A rebuild mostly begins with a bare engine block. A tear down and rebuild of an engine that has been in frequent use is easy to degrease and clean, but an engine block that has been sitting around unused for several years and affected with heavy surface rust along with crud and muck in the water ways will need more than a squirt of degreaser and a high pressure wash to clean.
A very simple, cheap and effective method of cleaning a rusty engine block can be made like new again within three or four weeks immersion in a molasses bath. This cleaning method is well known in vintage car, truck and motorcycle circles.
Method:
Take one metal or plastic 120 litre (44gal) drum and cut in half to use as the bath container.
Make a trip to the local rural retail supplier and purchase 2.5 or 3 litres of raw stock feed grade molasses, ($8.50AU) feed grade molasses has the correct grade of phosphorus to create the chemical reaction on rust (Iron Oxide).
The Treatment Process Is Called Chelating.
Add some tap water to the bath, then add the full container of molasses which is a very very thick treacle like substance and has a very strong smell, stir the molasses into the water until it is completely mixed in. Lower the block into the bath, then add enough water to cover the engine block by about 1.5 inches, a small amount of evaporation will occur, but that will depend on the temperature in your area, just add extra water when required.
- High pressure wash and degrease the engine block before lowering the block into the molasses bath.
- The Molasses wont remove grease or paint left on the engine block, molasses will only remove rust or oxides.
- If a camshaft (jack shaft) happens to be difficult to remove from the engine block, the molasses will help to dissolve the rust and crud around the bearings which will enable safe removal when giving the block the final cleaning.
- The bare Kent engine block can be lifted by one person, but you may prefer to use a chain block to remove and replace the engine block.
- Once every seven days remove the engine block and high pressure wash, this helps to remove the dissolved rust and crud.
- Agitate the bath every third day simply by lifting and lowering the engine block into the bath once or twice.
- At three weeks immersion in the bath, the molasses should have pretty well done it’s job, if you are not happy with the result, leave the block in for another week.

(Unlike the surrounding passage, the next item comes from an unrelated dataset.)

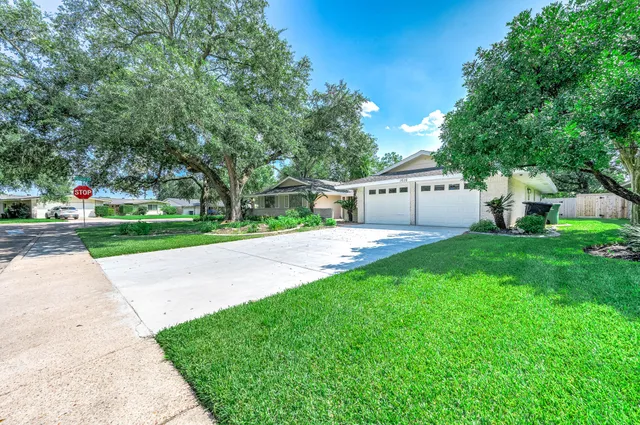 $2,600 | 1616 Redway Lane, Houston, TX 77062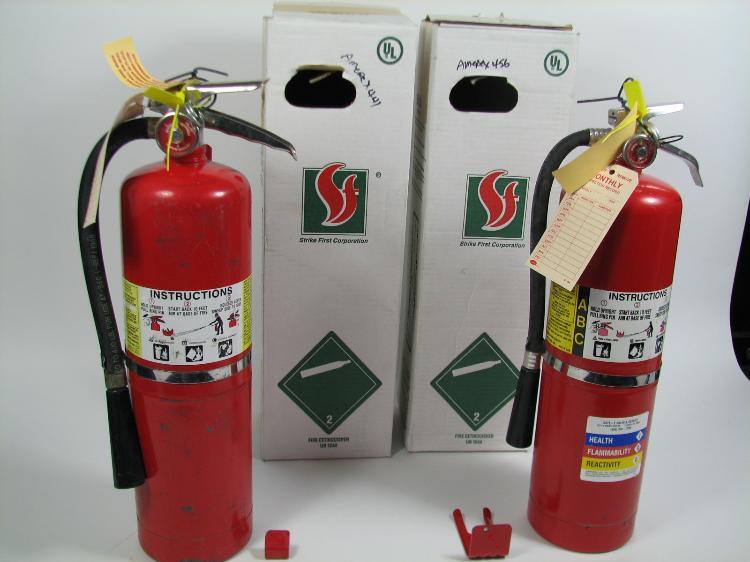 Lot of 2 amerex 441 or 456 fire extinguishers 10 lb abc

But don’t leave the block in the bath for more than four or five weeks, as time passes, it will really begin to eat into weak parts of the cast iron metal.

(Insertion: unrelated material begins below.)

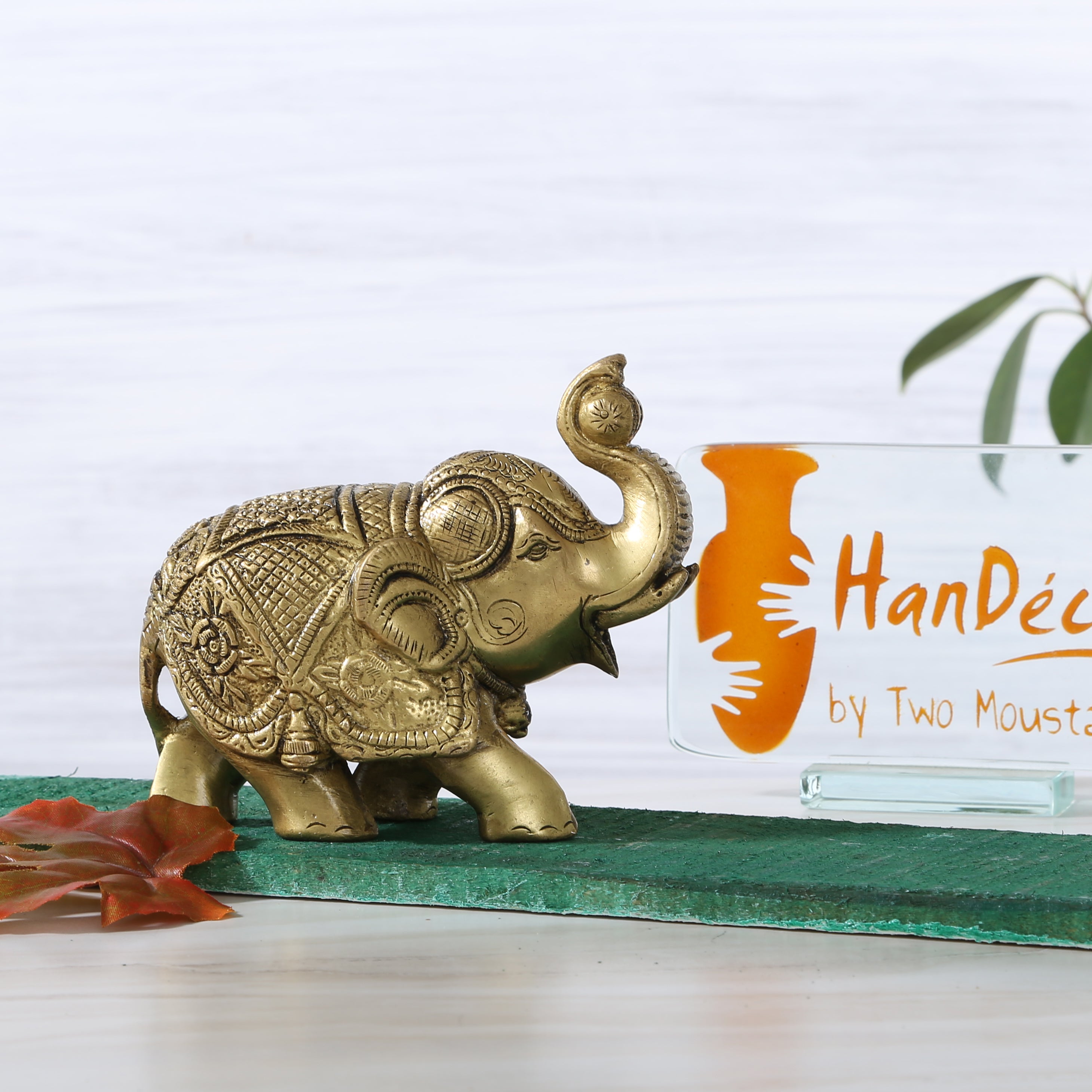 Maharaja Elephant Design Brass Showpiece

The photo above was taken before the molasses bath treatment, the scale and rust is not to bad, but there was a considerable build up all the same, and it was much the same throughout the entire water jacket area.
Here is a strange effect, the outline of the cylinder block can be easily seen, this was taken after about a week in the bath, it shows that the molasses is really working at eating/dissolving the rust.
The first lift and inspection, at nearly two weeks, the molasses simply works wonders on rusty cast iron, the jack shaft had quite a bit of rust before immersion, but photo shows how clean it is becoming.
Now we are at the final lift and drain stage, and ready for the last high pressure wash, once the pressure wash is complete, the block needs to be blown dry with compressed air as quickly as possible because if any moisture remains on bare cast iron it will rust in minutes.
It is surprising how much rust can be present in cast iron without you realizing it. When we were inspecting the top of the block, there was a lot of heavy pitting revealed, this particular block will be skimmed or decked anyway, but you would not want to torque a cylinder head and gasket down over a weak spot on the block like this which is around the water jacket passages, that would mean trouble for sure at later date.
Now we can see the result of the rust removal, the cast iron in the water jacket area is quite clean, the external metal of the block is like new, years of rust and crud build up has almost been removed.
This is the Kent tall block finally cleaned, dried and painted as near as I could find to Massey Ferguson Grey. Work will begin soon with decking of the top of the block, re-boring of the cylinders, and probably line boring of the steel capped mains, then the fun begins. The brass freeze plugs, or welch plugs as we call them will be inserted into the block after all of the machining operations have been completed.